A Promotoria de Justiça da Comarca de Bom Jardim ofereceu Denúncia, em 23 de junho, contra Moisés Sousa da Silva, Humberto Dantas dos Santos (mais conhecido como Beto Rocha, ex-marido da ex-prefeita Lidiane Leite) e Mauro Franpereira Lima. Motivou a manifestação ministerial o desvio de recursos do Programa Dinheiro Direto na Escola (PDDE), do Fundo Nacional de Desenvolvimento da Educação (FNDE), transferidos para o Município de Bom Jardim nos anos de 2013 a 2015.

A Ação Penal foi ajuizada pelo promotor de justiça Fábio Santos de Oliveira. A conduta dos denunciados causou dano ao erário no valor de R$ 137.864,50. Os três envolvidos foram denunciados pelos crimes de associação criminosa, peculato, estelionato e falsidade ideológica. Também violaram a Lei de Licitações (Lei nº 8.666/93). Se condenados, Moisés Sousa da Silva, Beto Rocha e Mauro Franpereira Lima podem ser penalizados, cada um, com prisão de 11 a 40 anos.

CORRUPÇÃO

Recursos do PDDE foram cedidos ao Município de Bom Jardim para a construção de cisternas, poços artesianos e para a instalação de bombas hidráulicas em escolas da rede pública municipal, especialmente nas unidades Juscelino Kubitschek, Santa Rita de Cássia, José de Anchieta, Mendes Sá e São José.
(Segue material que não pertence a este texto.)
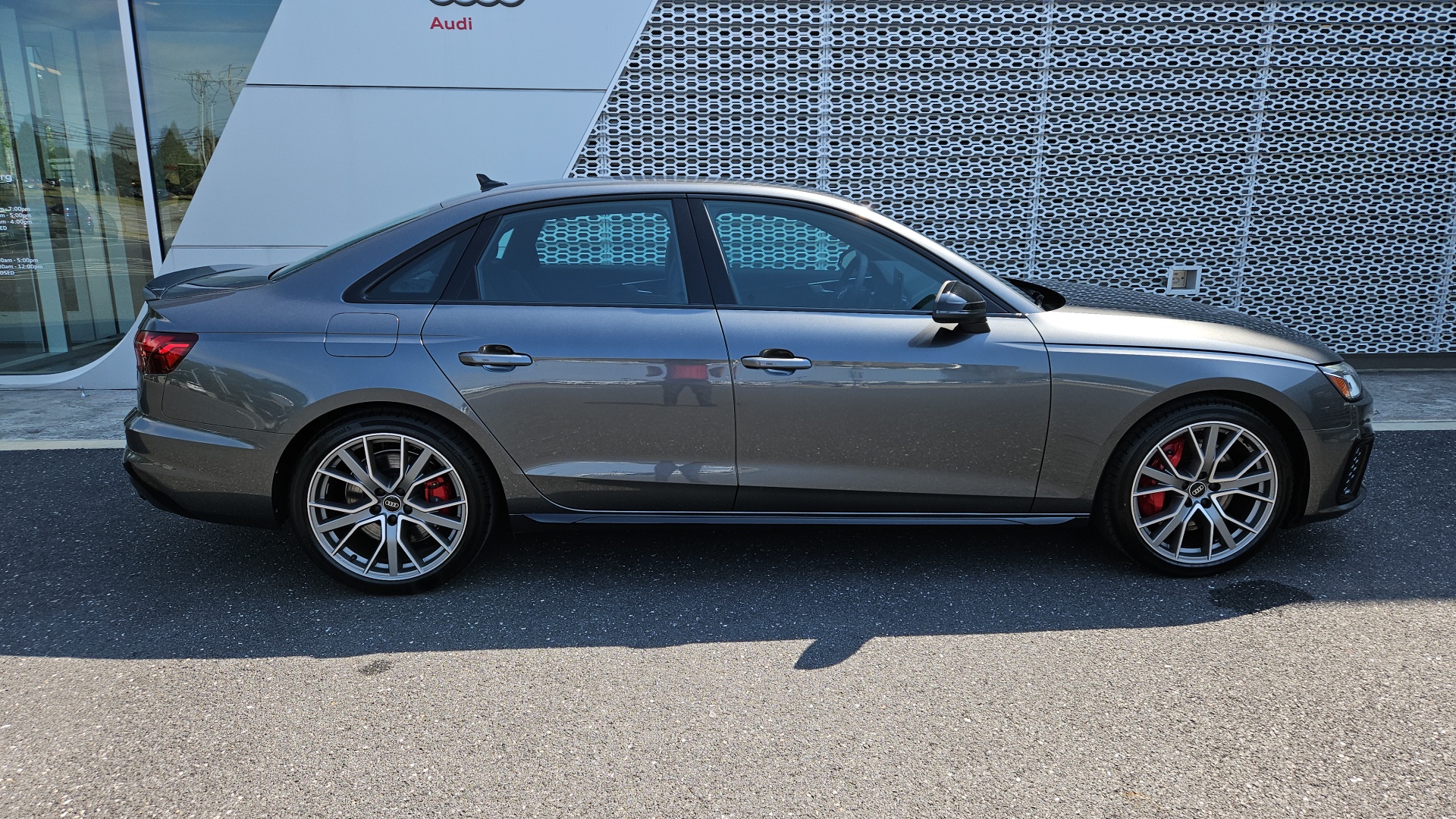 2024 Audi S4 3.0T Premium Plus 3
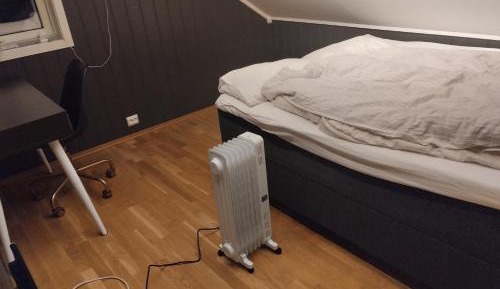 Budget Double Room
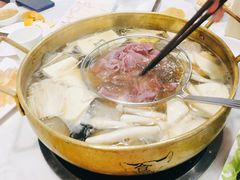 -食潮汕头鲜牛馆(望京保利店)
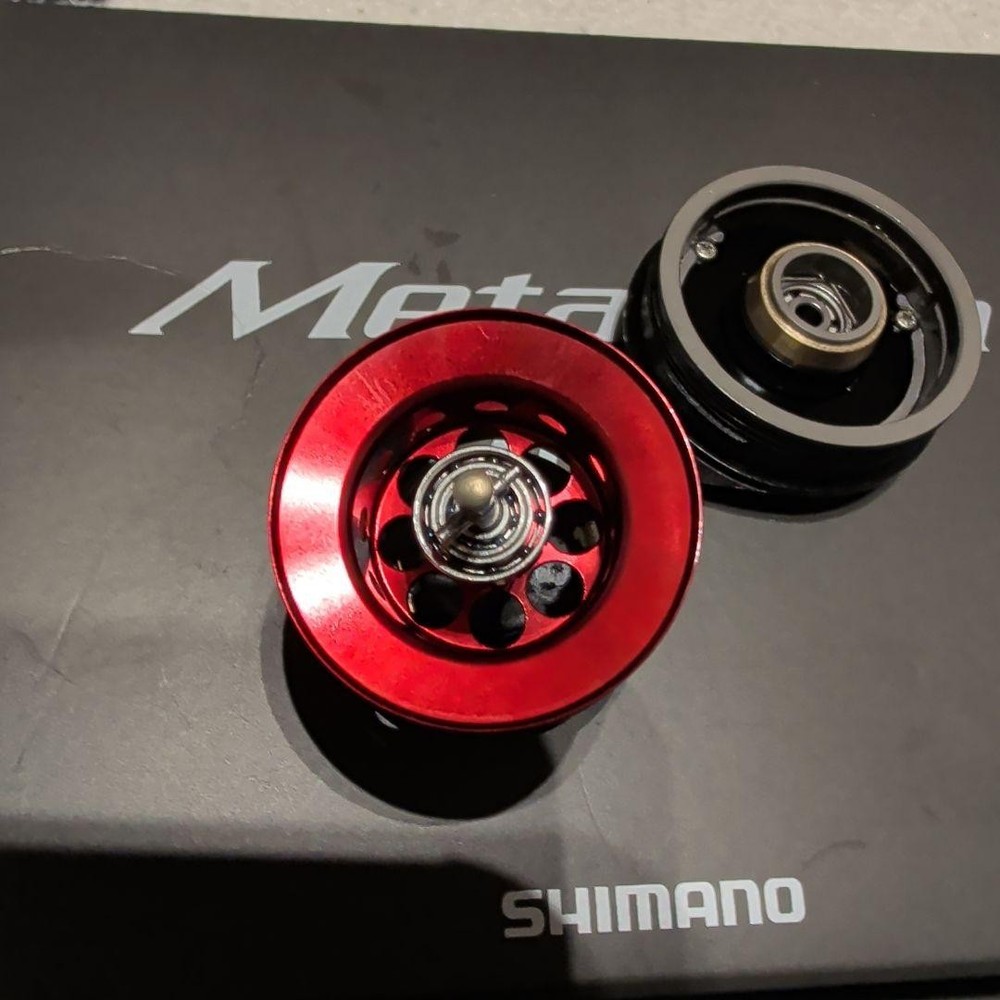 Shimano METANIUM 101XG left 259881
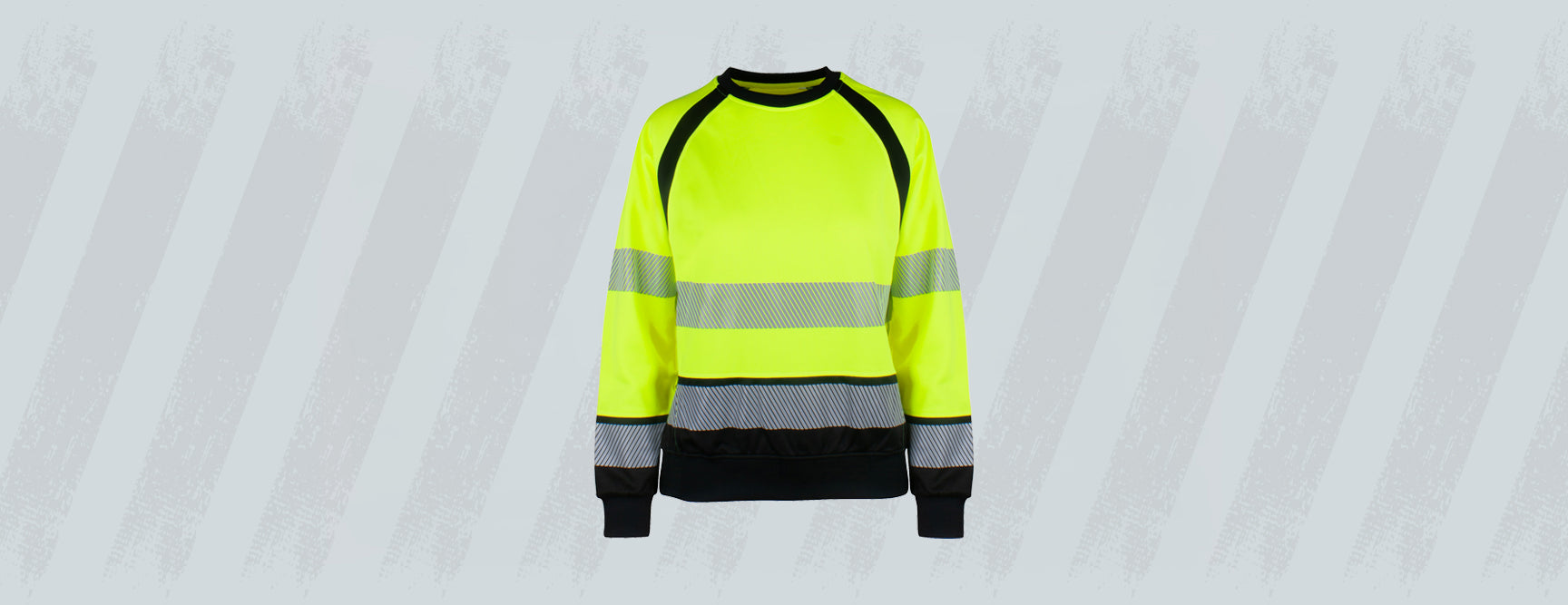 Frontline crew neck (D) - 4715W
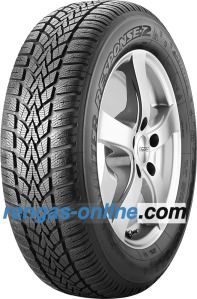 Dunlop Winter Response 2 ( 195/60 R16 89H DOT2021 )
A pedido de Beto Rocha, o dinheiro foi depositado nas contas de Moisés Sousa da Silva, contratado sem licitação para promover as melhorias nas escolas. Beto era marido da então prefeita Lidiane Leite, tendo sido nomeado por ela para o cargo de secretário de Articulação Política.

De acordo com o promotor de justiça, Beto Rocha convenceu gestoras da Secretaria Municipal de Educação e diretores das escolas a repassar os recursos recebidos do PDDE para Moisés Sousa da Silva, com a promessa de que as obras seriam realizadas. No entanto, este jamais prestou os serviços prometidos.

Para dar aparência de legalidade, foi conseguida a adesão de Mauro Franpereira Lima, representante legal da empresa F. Pereira Lima Materiais para Construção – ME. A função deste último era emitir notas fiscais de materiais, que supostamente seriam usados nas obras a serem realizadas nas unidades educacionais.

Nos autos consta a emissão de notas fiscais com registros de construção de cisterna e caixa d’água nas escolas, melhorias que nunca foram feitas. “Moisés além de não ter participado e vencido qualquer licitação, não prestou os serviços prometidos, apesar de ter enriquecido com os recursos desviados do Município”, afirmou o promotor de justiça, na ação.
Fábio Santos de Oliveira acrescentou que os denunciados estavam previamente em conluio e agiram com unidade de propósitos. Também apontou que o procedimento licitatório não foi deflagrado por interferência direta de Beto Rocha, que ainda fez os gestores da Secretaria de Educação acreditarem na existência de licitação para as obras. “Oportuno salientar que Moisés e Beto agiam como autores intelectuais, sendo beneficiários diretos do peculato. As condutas praticadas por eles configuram vários ilícitos, tanto na esfera penal quanto na administrativa”, frisou.

O promotor de justiça apontou, ainda, que a ex-prefeita Lidiane Leite só se candidatou ao cargo, porque Beto Rocha queria assumir a prefeitura, mas estava impedido de se candidatar devido a pendências com a Justiça Eleitoral. Contudo, era ele que conduzia a administração de fato. “Como não podia se candidatar, ele decidiu apoiar a candidatura de sua esposa, Lidiane Leite, a qual ganhou as eleições e tomou posse no cargo”, declarou o representante do Ministério Público, na ação.